Игорь Серафимович, уже вторую неделю исполняющий обязанности директора недавно созданного Центра Науки, еще раз прокрутил видеозапись этого эпизода и, глядя вслед скрывшейся в палате паре, с досадой подумал: «Надо обязательно и в палате установить наблюдение, потом хлопот с этой энергичной бабенкой не оберешься… Интересно: о чем они там?»

А там, входя в палату, Иван Федорович, полуоборачиваясь, спрашивал:

— Ну, так в чем же дело, Тамара Сергеевна?

— Да дело все в том, — отвечала она, глаз с него не спуская, продолжая нервно посмеиваться, — дело в том, что я вас люблю…

Года два тому назад, истерзанная душевной мукой, забрела она в безлюдный парк. На скамейке, недалеко от входа, сидел мужчина. Шляпа лежала рядом, и большие залысины блестели от дождя. Эти блестящие залысины, этот глубокий вздох, который он сделал, почти незаметный, когда она проходила мимо, — все это свидетельствовало не столько о внутренней силе, сколько о спокойствии, даже величественности мысли. Мысль была несомненно его богом. И это было и страшно (в тогдашнем положении Тамары Сергеевны), и невыносимо притягательно. С трудом она заставила себя покинуть парк, но странный образ унесла с собой и с тех пор не расставалась с ним.

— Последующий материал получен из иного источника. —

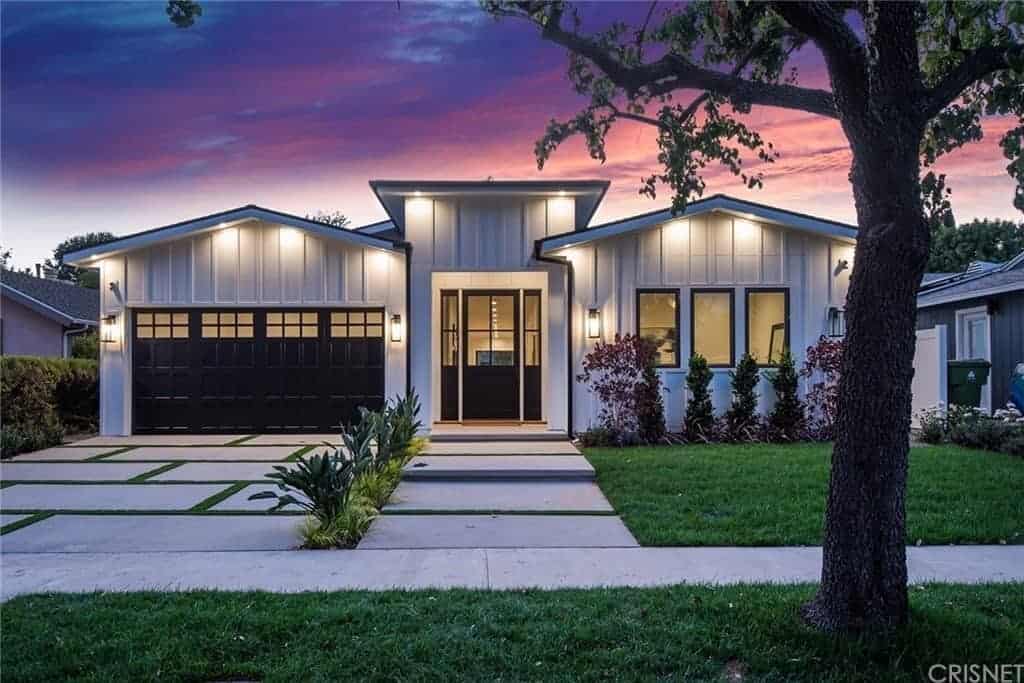 The gray concrete walkway and driveway both have green accents that emphasize the lines of the concrete blocks. These leads to the house lit with warm yellow lights of the wall-mounted lamps that works well with the well-manicured lawn of grass and its shrubberies.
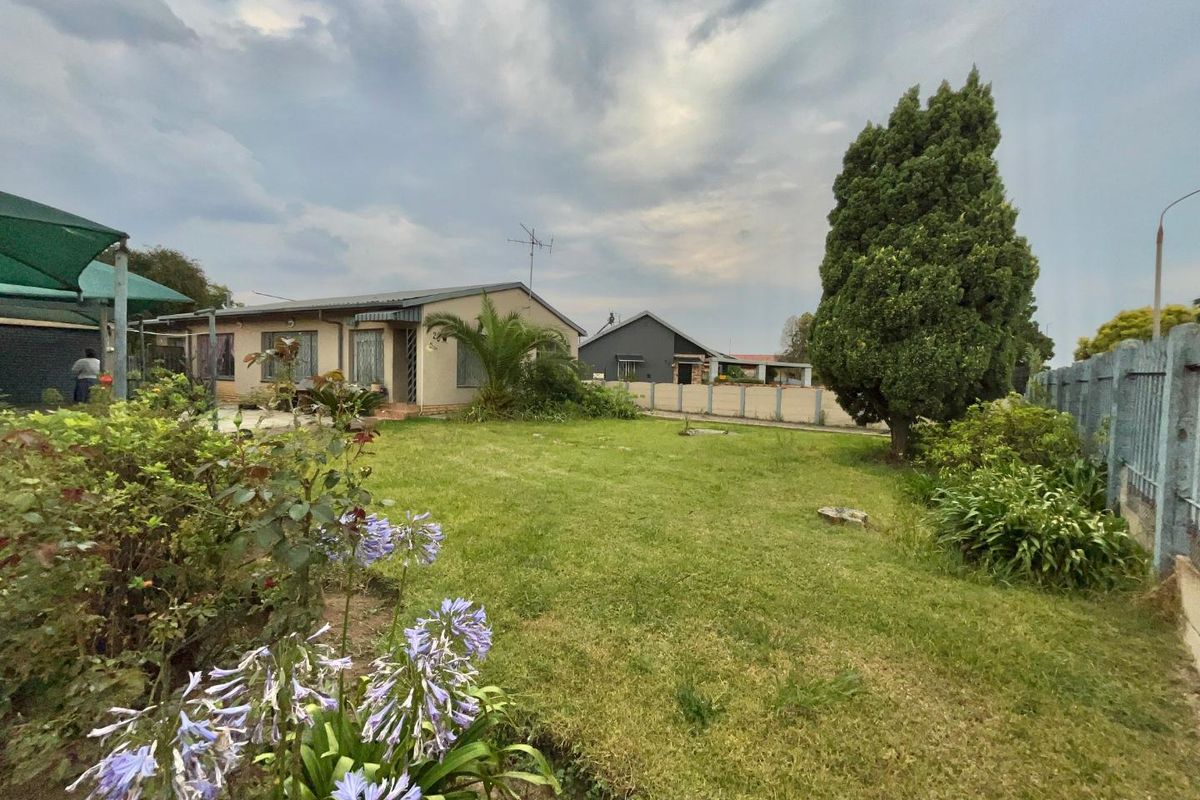 A spacious rear garden featuring a well-maintained lawn, established landscaping, and a view of the rear building elevation with a covered patio area.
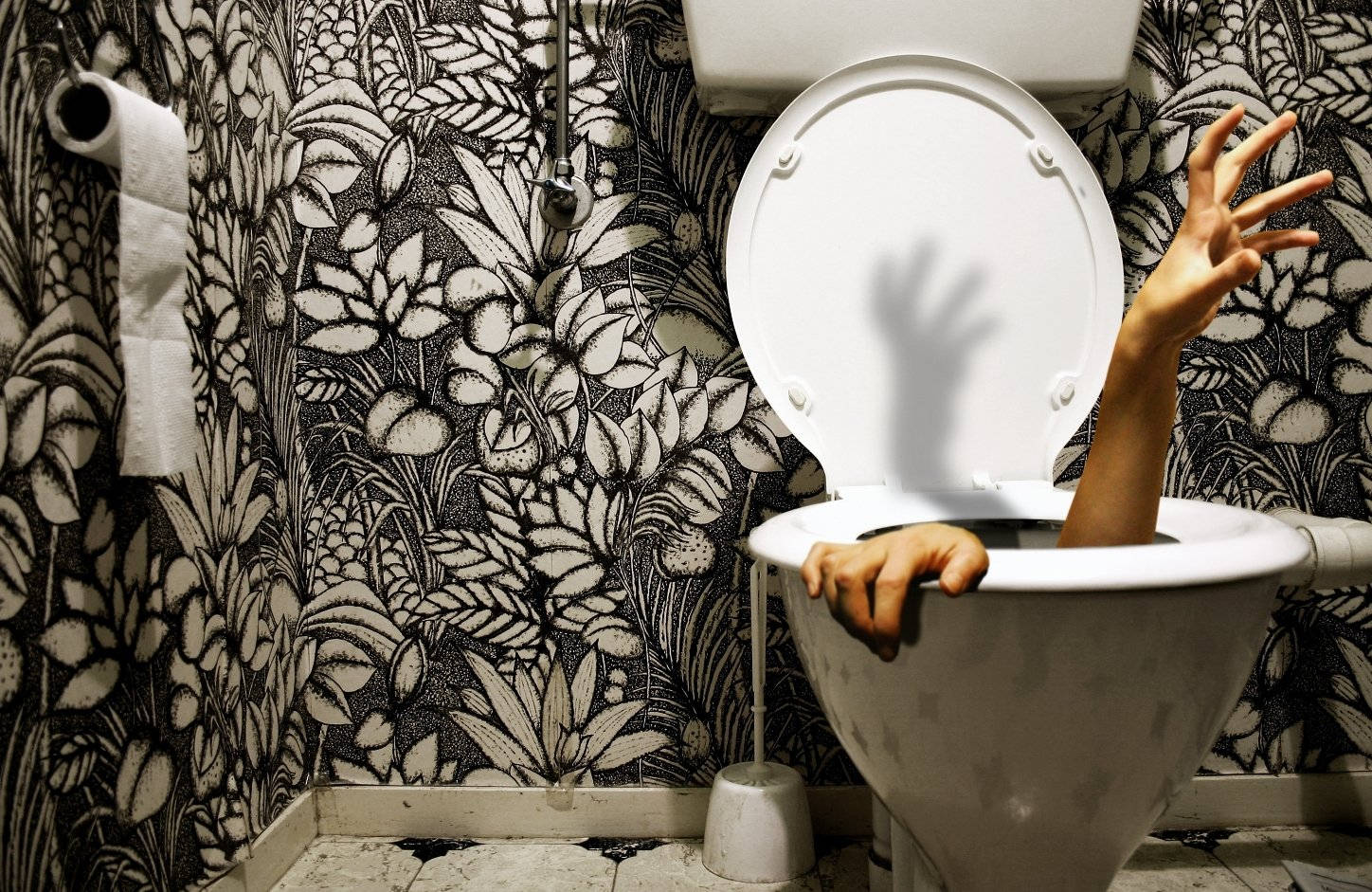 white toilet bowl, black and white floral wallpapered bathroom wall, person's arms and hands, HD Desktop Wallpaper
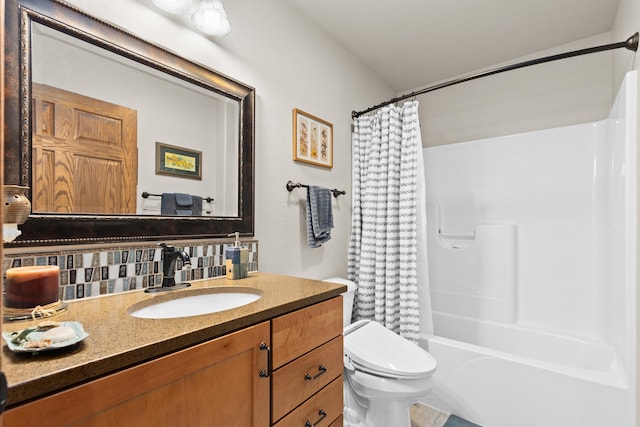 bathroom with tasteful backsplash, vanity, toilet, and shower / tub combo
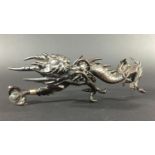 JAPANESE BRONZE DRAGON later 19th century, cast in a dramatic pose holding a glass or rock crystal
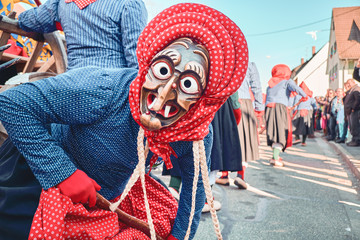 Pretty witch with red hood and blue robe, looks into the camera. Street Carnival in Southern Germany - Black Forest.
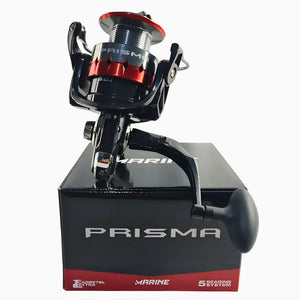 O Molinete Marine Sports Prisma em cima da sua caixa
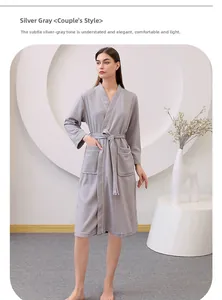 Detailed view of silver grey waffle fabric bathrobe with white piping and side pocket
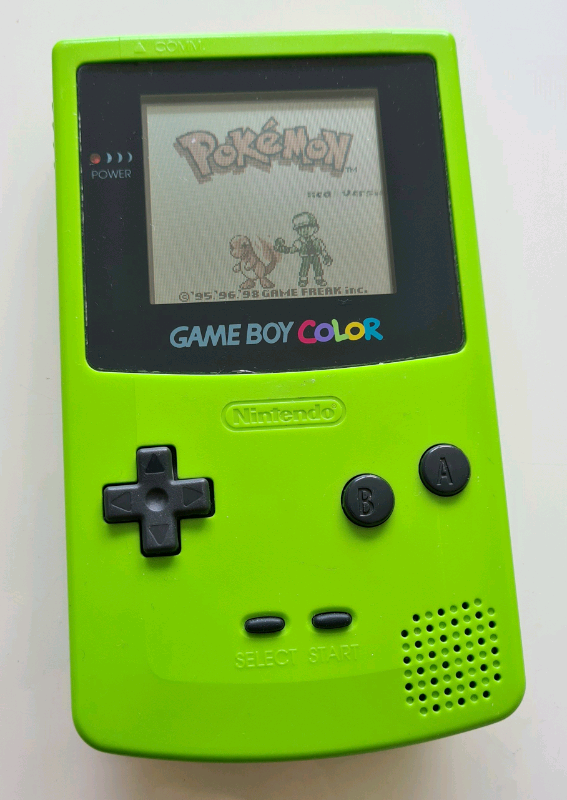 Gameboy color lime green with pokemon red and power supply. in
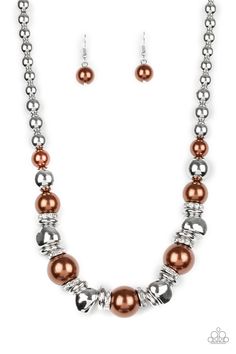 A collection of over-sized brown pearls, silver rings, and asymmetrical silver beads are threaded along an invisible wire below the collar. White rhinestone encrusted rings are sprinkled between the refined beading for a statement-making finish. Features an adjustable clasp closure. Brown Pearls, Brown Bracelet, Bling Necklace, Brown Necklace, Mom Wedding, Bold Earrings, Silver Bead Necklace, Elegant Bracelet, Paparazzi Accessories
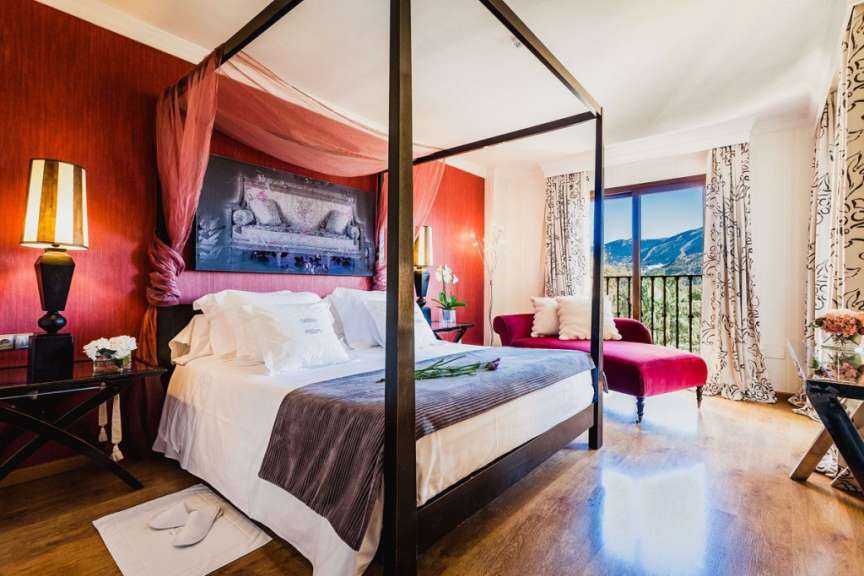 Ein Schlafzimmer mit einem Himmelbett und einem roten Stuhl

Жизнь после стольких лет существования возле больного мужа, возле погасшего давно его сознания вдруг всколыхнулась в ней неожиданной страстью к этому случайному, в парке встреченному человеку — хмурому, асимметричному. Она помнила скорбные складки по углам крепко сжатого рта, руку, на которую он опирался, другую — до половины засунутую в карман, хмурый взгляд — снизу, от земли, отчего острые, темные зрачки его плавали, полузатопленные желтоватым, восковым отсветом белков, — и дождевые, скатывающиеся по лицу капли. Этот человек так нужен был ей, нужен не столько силой, сколько беззащитностью перед собственною силой, которою был наделен несомненно… И она все разжигала, разжигала в себе это далекое, вполне безопасное чувство… к человеку, которого никогда-никогда ведь больше не встретит в своей жизни…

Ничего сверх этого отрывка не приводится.